Let's say I want to maximise a function $f(x,y,z)=a\ln(x)+(1-a)\ln(y)-\frac{z^2}{2}$ subject to a constraint that is equal to $x+\frac{y}{1+r}=Wz$

Assume variables are all real numbers and $0<a<1$

How would I go about doing this? z I have tried: $\mathcal{L}= \alpha \ln{x}+(1-\alpha)\ln{(y)}-\frac{{z}^2}{2}+ \lambda(Wz-{By}-x)$ and partially differentiating w.r.t. $x,y,z$ but I get stuck on finding $z$ as $Wz$ varies with $z$.

Attempt: $\frac{\partial{\mathcal{L}}}{\partial{x}}=\frac{\alpha}{x}-\lambda=0$

$\frac{\alpha}{x}=\lambda$

$\frac{\partial{\mathcal{L}}}{\partial{y}}=\frac{1-\alpha}{y}-\frac{\lambda}{1+r}=0$

$\frac{1-\alpha}{y}=\frac{\lambda}{1+r}$

$\frac{(1-\alpha)(1+r)}{y}=\lambda$

$\frac{\partial{\mathcal{L}}}{\partial{z}}=W\lambda-z=0$

$W\lambda=z$

$\frac{z}{W}=\lambda$

Answer 1

Hint:

Maximize

$$a\ln(x)+(1-a)\ln(y)-\frac12\left(bx+cy\right)^2$$ for $x,y$ (without constraint; auxiliary constants introduced for convenience).

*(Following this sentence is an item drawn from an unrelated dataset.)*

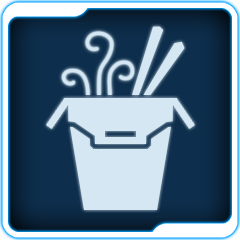 Icon for Back to the kitchen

$$\dfrac ax-b(bx+cy)=\dfrac{1-a}y-c(bx+cy)=0.$$ There is no valid solution !

Answer 2

Using the Lagrangian multipliers procedure:

calling

$$ f(x,y,z) = a\ln x+(1-a)\ln y -\frac 12 z^2 $$

the lagrangian can be established as

$$ L(x,y,z,\lambda) = f(x,y,z)+\lambda\left(x+\frac{y}{r+1}-z W\right) $$

The $L$ stationary points are the solutions for

$$ \nabla L = 0 = \left\{ \begin{array}{rcl} \frac{a}{x}+\lambda & = & 0\\ \frac{1-a}{y}+\frac{\lambda }{r+1} & = & 0\\ \lambda W+z & = & 0\\ x+\frac{y}{r+1}-W z & = & 0\\ \end{array} \right. $$

obtaining

$$ \left[ \begin{array}{ccccc} f & x & y & z & \lambda \\ a \log (a W)-(a-1) \log ((1-a) (r+1) W)-\frac{1}{2} & a W & (1-a) (r+1) W & 1 & -\frac{1}{W} \\ a \log (-a W)-(a-1) \log ((a-1) (r+1) W)-\frac{1}{2} & -a W & (a-1) (r+1) W & -1 & \frac{1}{W} \\ \end{array} \right] $$

NOTE

Depending on the parametric values for $a,r,W$ the obtained values cannot be feasible.